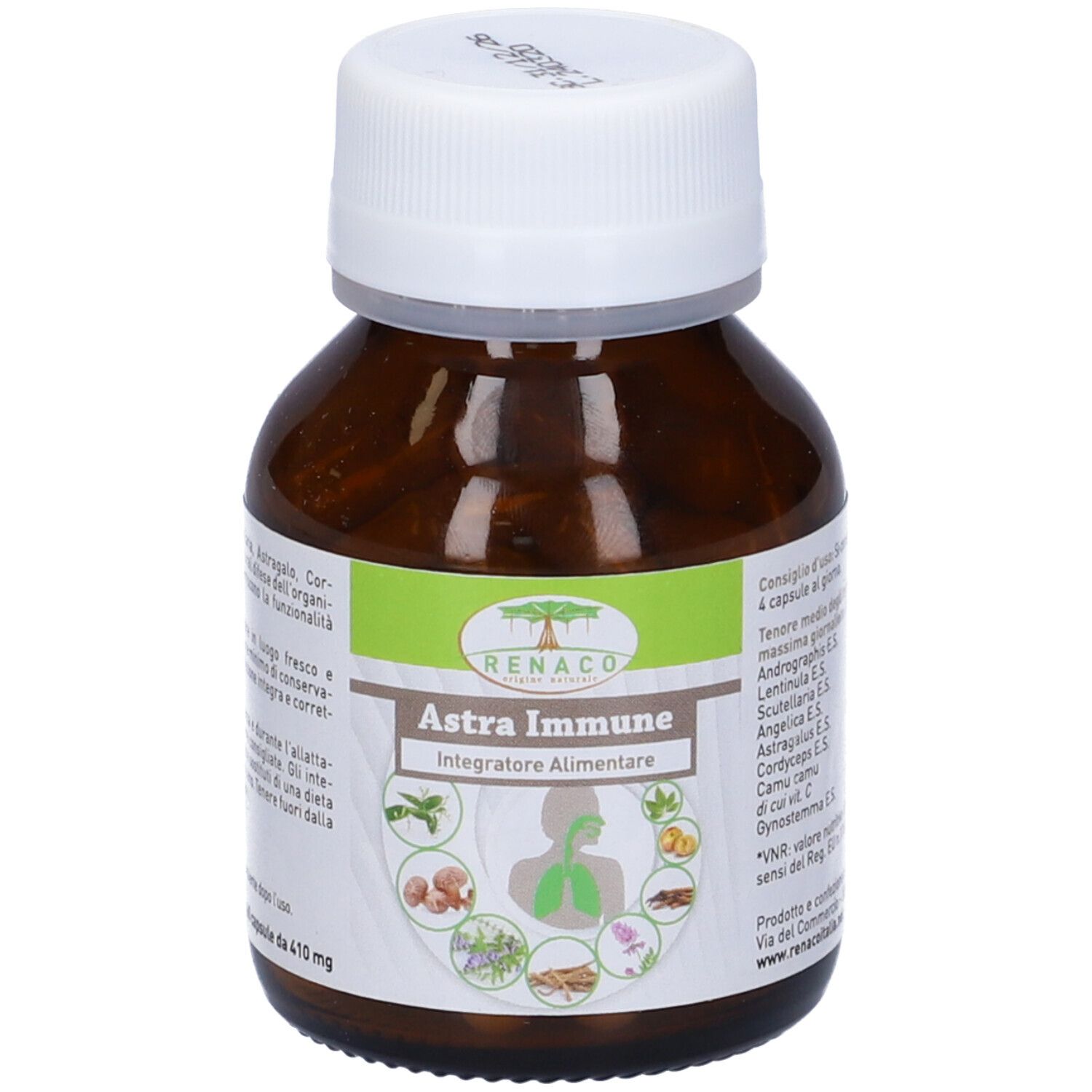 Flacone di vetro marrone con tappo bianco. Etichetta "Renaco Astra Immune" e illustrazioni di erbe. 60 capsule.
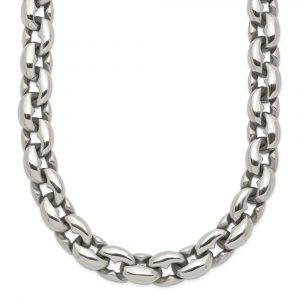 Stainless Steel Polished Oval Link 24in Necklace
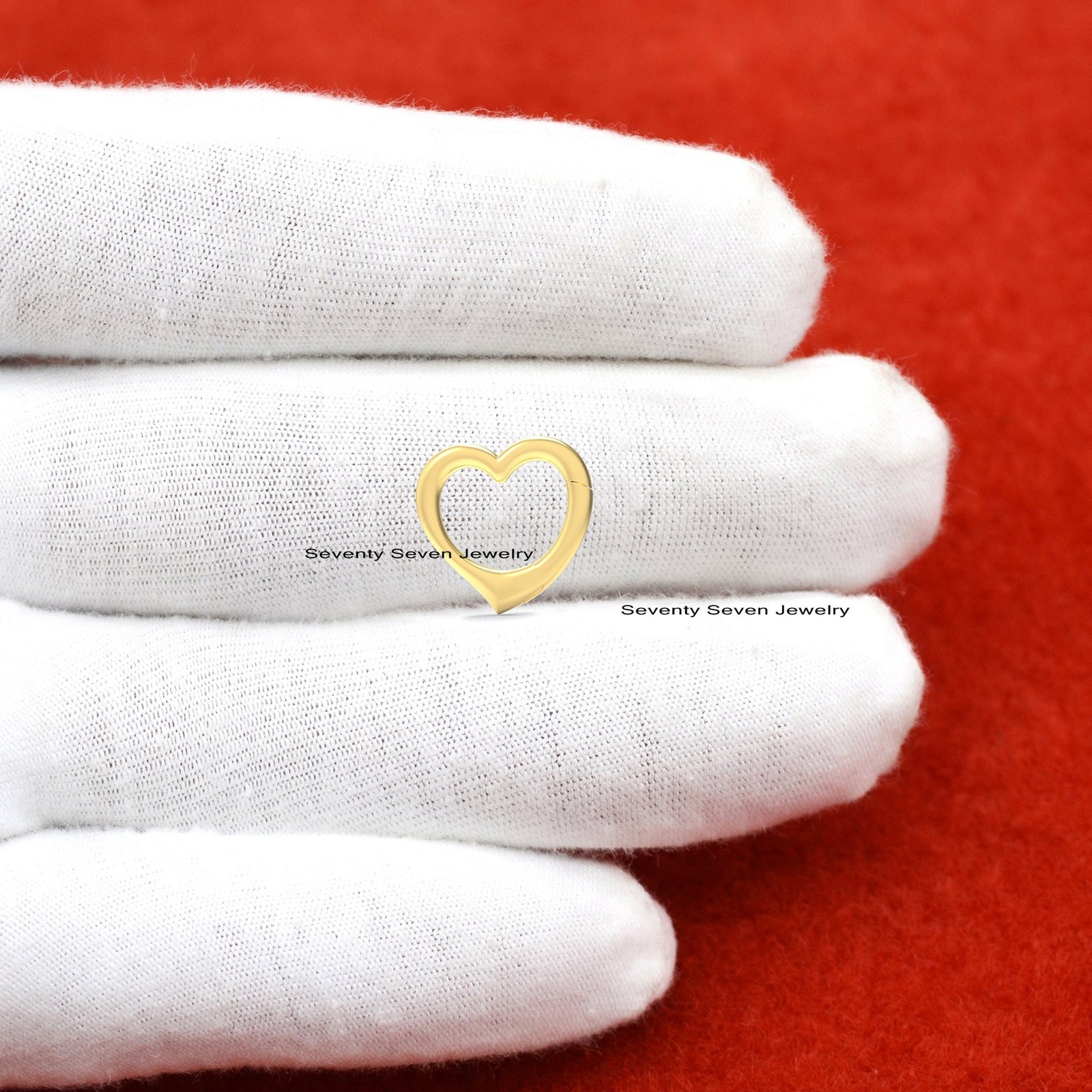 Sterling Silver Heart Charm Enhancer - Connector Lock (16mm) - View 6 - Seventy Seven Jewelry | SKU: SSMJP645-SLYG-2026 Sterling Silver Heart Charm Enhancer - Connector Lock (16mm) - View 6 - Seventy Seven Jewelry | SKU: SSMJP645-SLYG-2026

- What to do: All of the data, minus its pictures, should be repeated exactly.

- Written response:
 Flacone di vetro marrone con tappo bianco. Etichetta "Renaco Astra Immune" e illustrazioni di erbe. 60 capsule.
 Stainless Steel Polished Oval Link 24in Necklace
 Sterling Silver Heart Charm Enhancer - Connector Lock (16mm) - View 6 - Seventy Seven Jewelry | SKU: SSMJP645-SLYG-2026 Sterling Silver Heart Charm Enhancer - Connector Lock (16mm) - View 6 - Seventy Seven Jewelry | SKU: SSMJP645-SLYG-2026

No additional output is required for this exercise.